Agarose gel electrophoresis of rat urinary glycosamino­glycans is shown in Figure 6. Three bands migrating as chondroitin sulfate (CS), dermatan sulfate (DS), and heparan sulfate (HS) were identified. The band migrating as chondroitin sulfate was totally degraded by chondroitinase AC and the band migrating as heparan sulfate was susceptible to heparitinases I and II from Flavobacterium heparinum. The band migrating as dermatan sulfate was degraded by chondroitinase B and was partially degraded by chondroitinase AC, indicating that this dermatan sulfate is composed by both glucuronic acid and iduronic acid-containing disaccharide units (Población and Michelacci, 1986Go). Table II shows the concentrations (expressed as µg/24 h) and the relative proportions of these urinary glycosaminoglycans in the control and experimental groups.
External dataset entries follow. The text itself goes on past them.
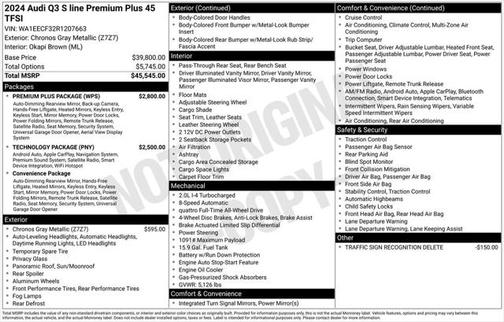 2024 Audi Q3 Premium Plus 45 TFSI S line quattro Tiptronic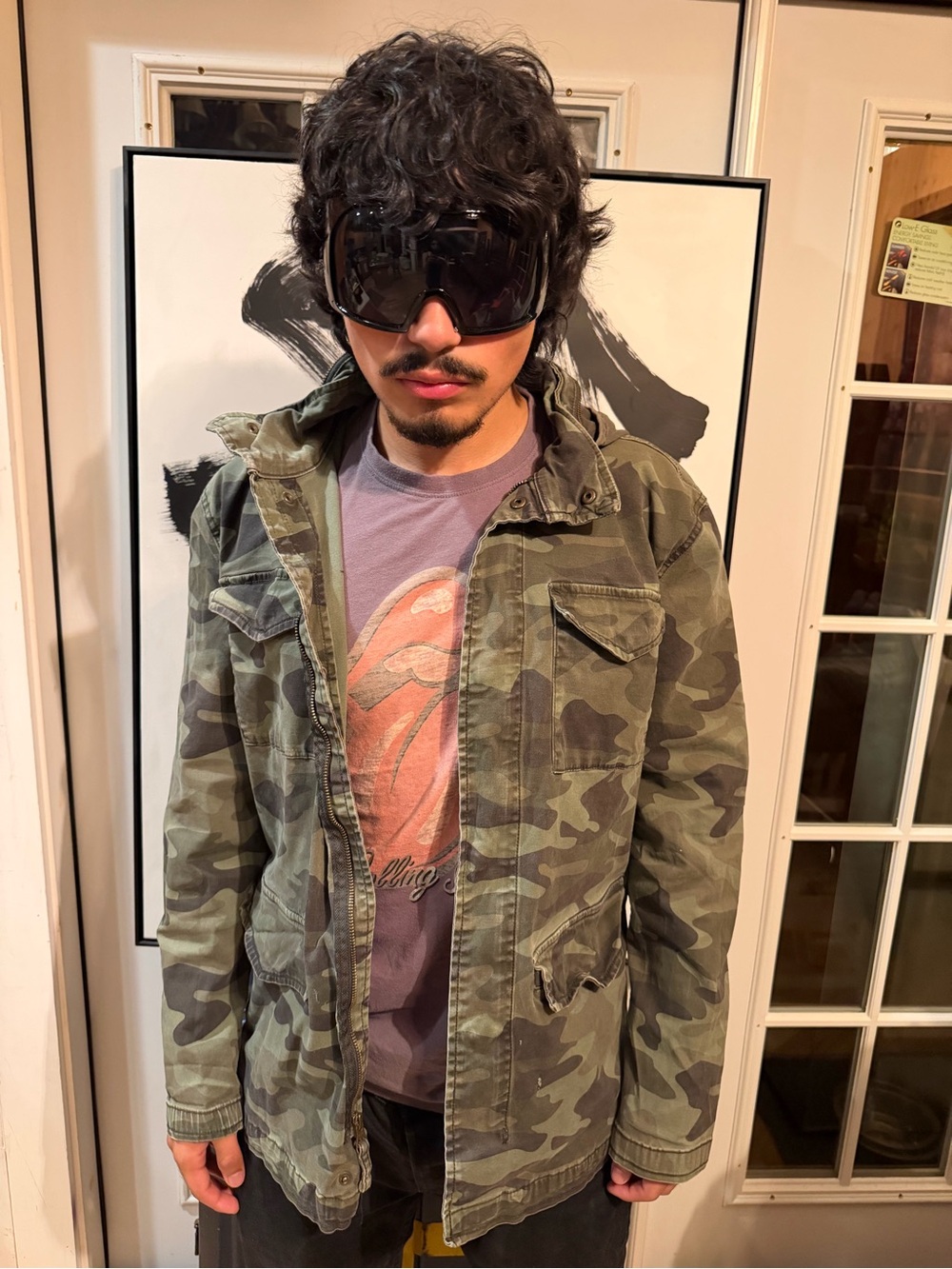 George Men's Green Camouflage Field Jacket
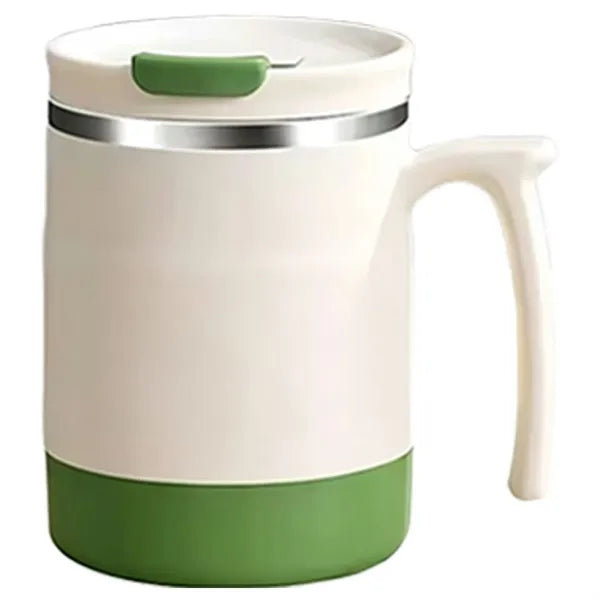 Handle Coffee Cup with Built-in Folding Spoon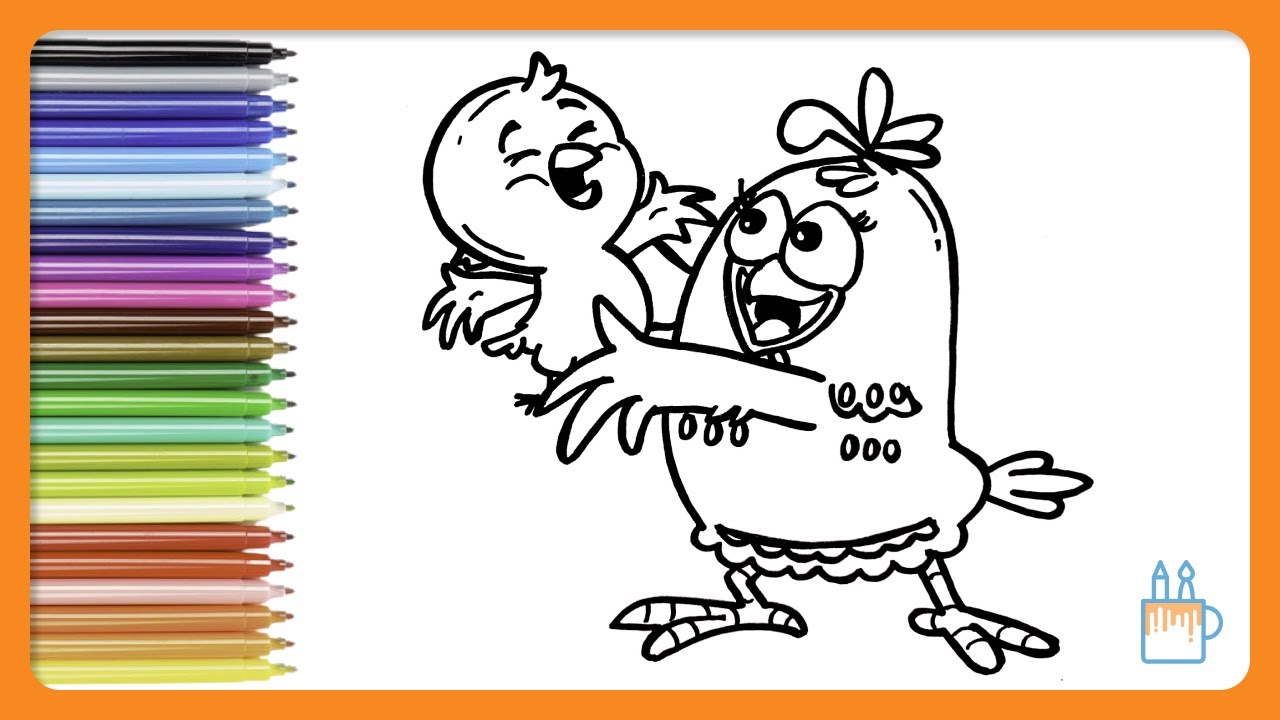 Vamos desenhar e colorir a Galinha Pintadinha e o Pintinho Amarelinho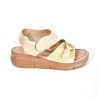 Price Shoes Sandalias Confort Hebilla Mujer 752SK15CHAMPANA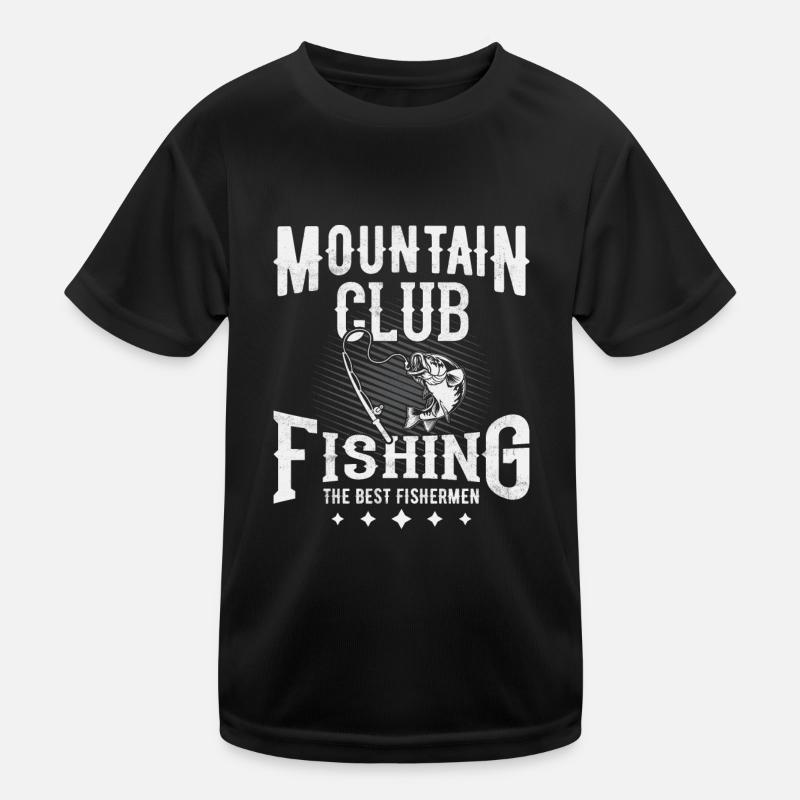 Slogan de pêche Angel Fish T-shirt sport Enfant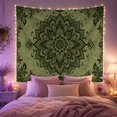 thumbnail image 2 of Floral Garden Mandala with Dominates Concentric Layers, Nostalgic Vintage for Botanical Art Lovers, Wall Decor, Valentine'S Day Gift, Tapestry Wall Hanging for Dorm and Living Room, 2 of 7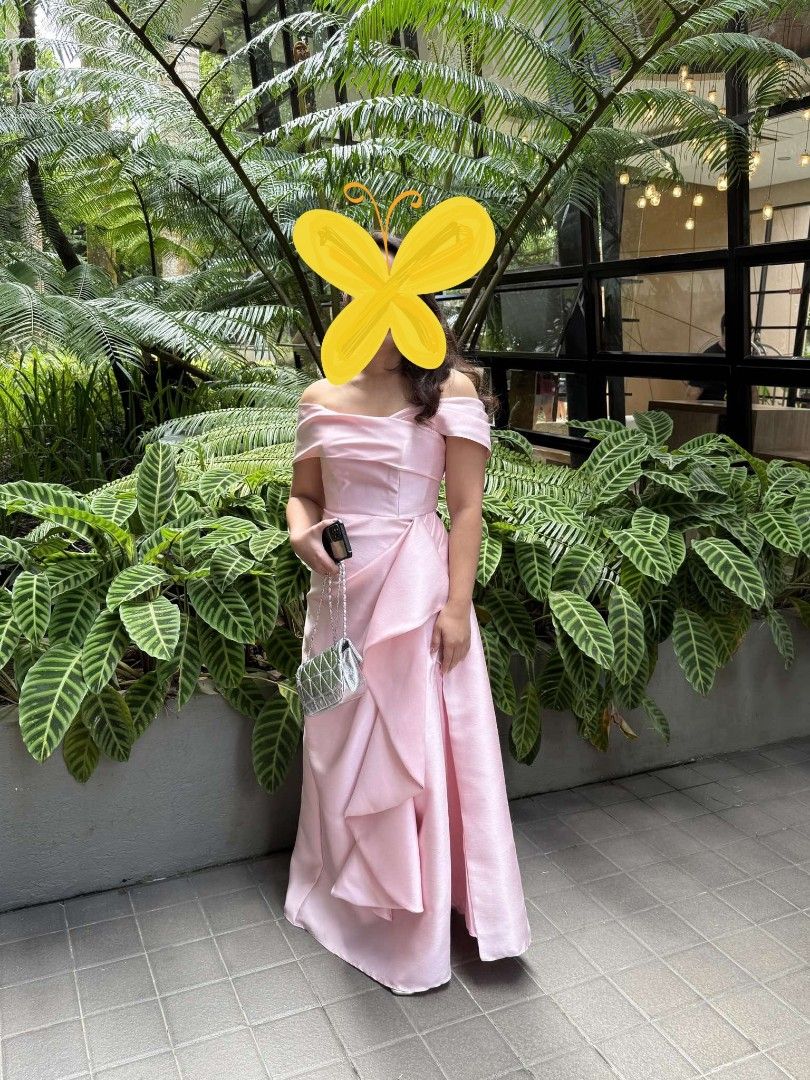 Blush Pink Gown by Aizel Diwa (Category: Evening dresses & gowns) located in Bacoor. Submitted by sherrylmae (Listing ID 1379136102, Image 1). Description: Original design by Aizel Diwa.
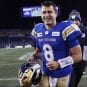 Zach Collaros, Blue Bombers, 2019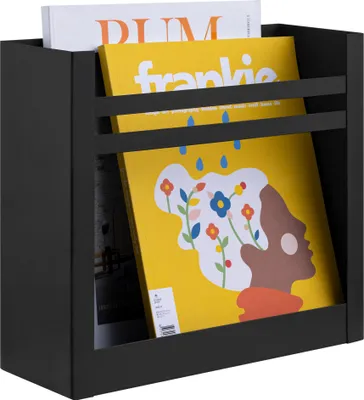 Produktbild von Navaris Zeitungshalter Wand Halterung für Zeitungen - 30x27x11cm Ablage für Zeitschriften Broschüren Briefe Flyer - Wandmontage Ablagefächer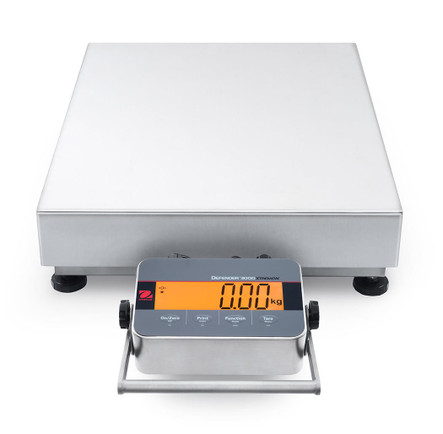 OHAUS Defender 3000 i-D33XW300C1X5 Washdown Bench Scale, 600 lb x 0.1 lb, 25.6" x 19.7", NTEP OHAUS Defender 3000 i-D33XW300C1X5 Washdown Bench Scale, 600 lb x 0.1 lb, 25.6" x 19.7", NTEP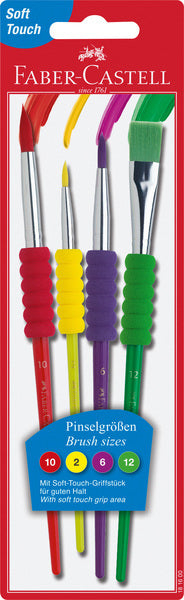 Faber Castell FC-481600 zestaw pędzli plastikowych 4 sztuki
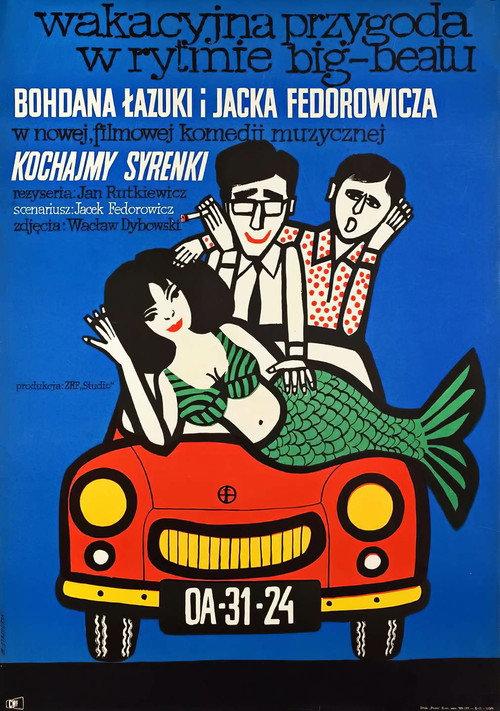 Kochajmy syrenki 1967 official movie poster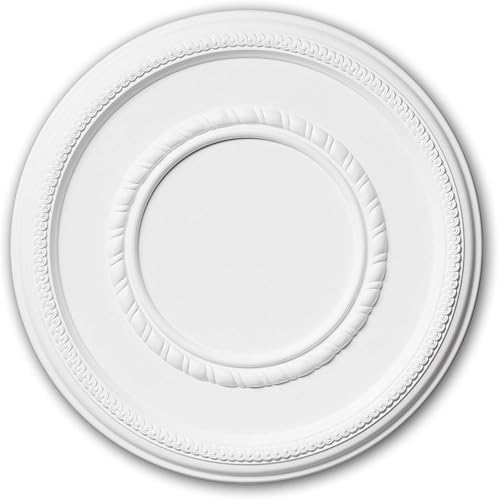 PRO[f]home® - Rosette 156004 Deckenelement Zierelement Neo-Empire-Stil weiß Ø 43,5 cm Profhome - Cheap-Us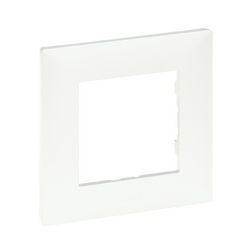 NiloéStep keret gyöngyház 1-egység vízszintes és függőleges műanyag kezeletlen LEGRAND - 863691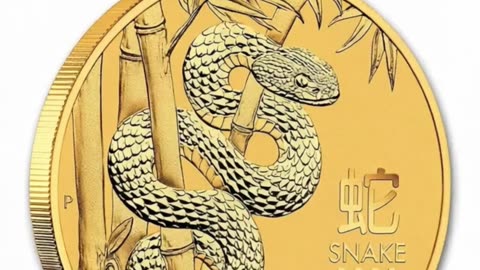 Australia Gold Lunar Snake Coin – Bid Now!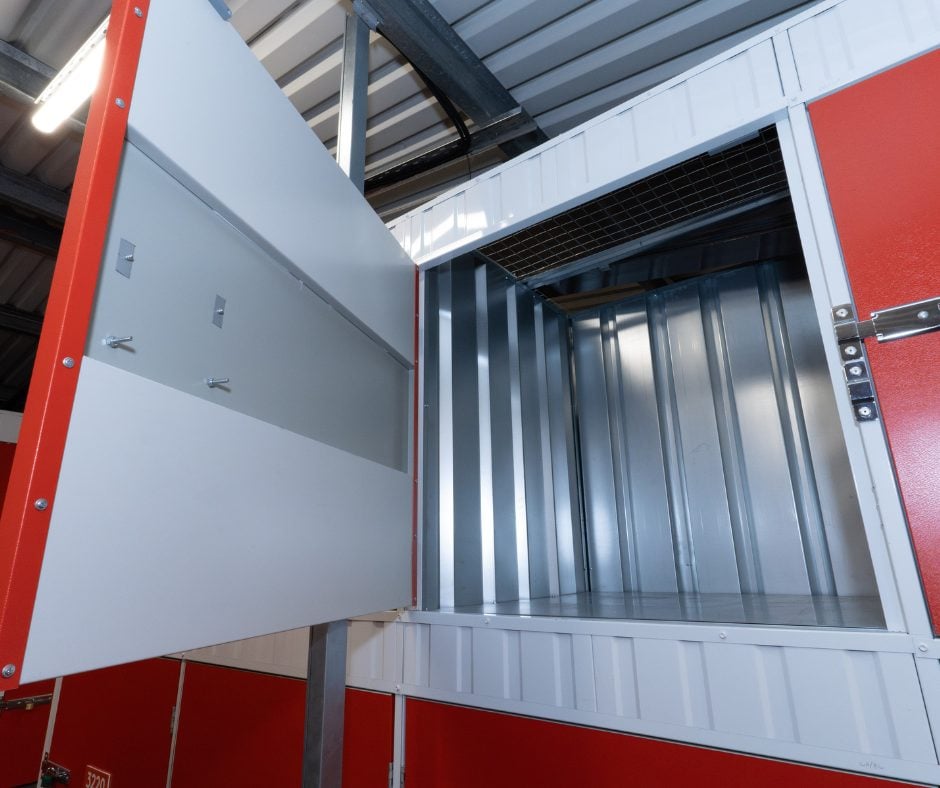 9 sq ft student locker - Nesta 9 sq ft student storage locker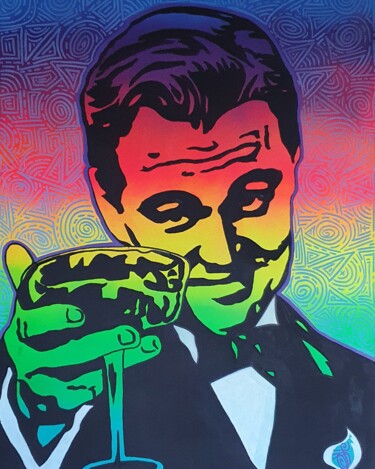 Peinture intitulée "Great Gatsby (Grand…" par Guemi (1980), Œuvre d'art originale, Acrylique Monté sur Châssis en bois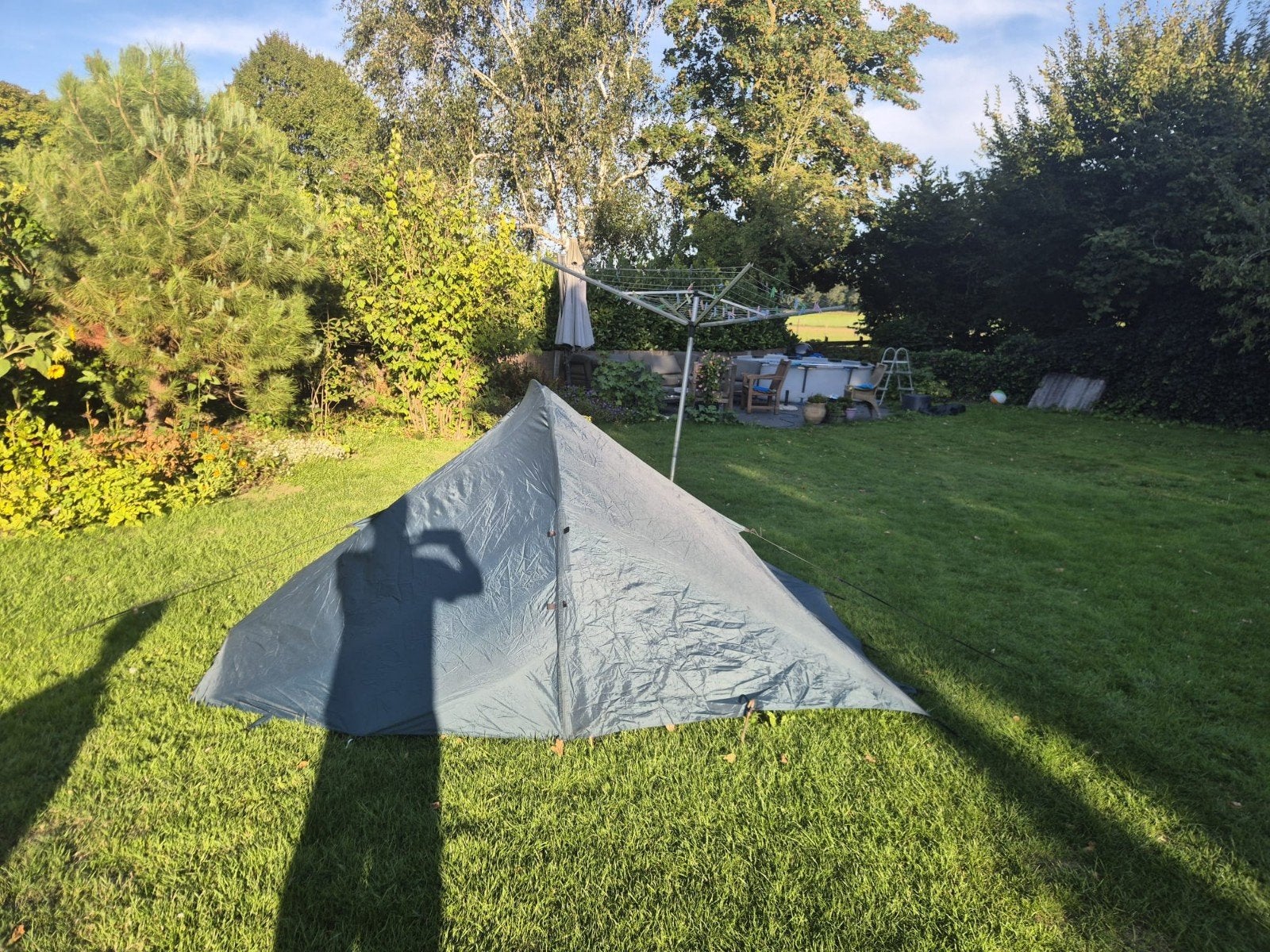 Lichtgewicht eenpersoons tent voor reizen (excl. haringen), Ophalen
In some instances it was difficult to separate dermatan sulfate and chondroitin sulfate; so, they were quantified together. The glycosaminoglycan excretion was decreased to about 1/10 of the control in the "Diabetes" group, expressed as mg/l of urine (Figure 4), and to 1/5 as expressed as µg/24 h (Figure 4 and Table II). Both heparan sulfate and chondroitin sulfate/dermatan sulfate decreased in diabetic animals from the 2nd week on after streptozotocin exposure.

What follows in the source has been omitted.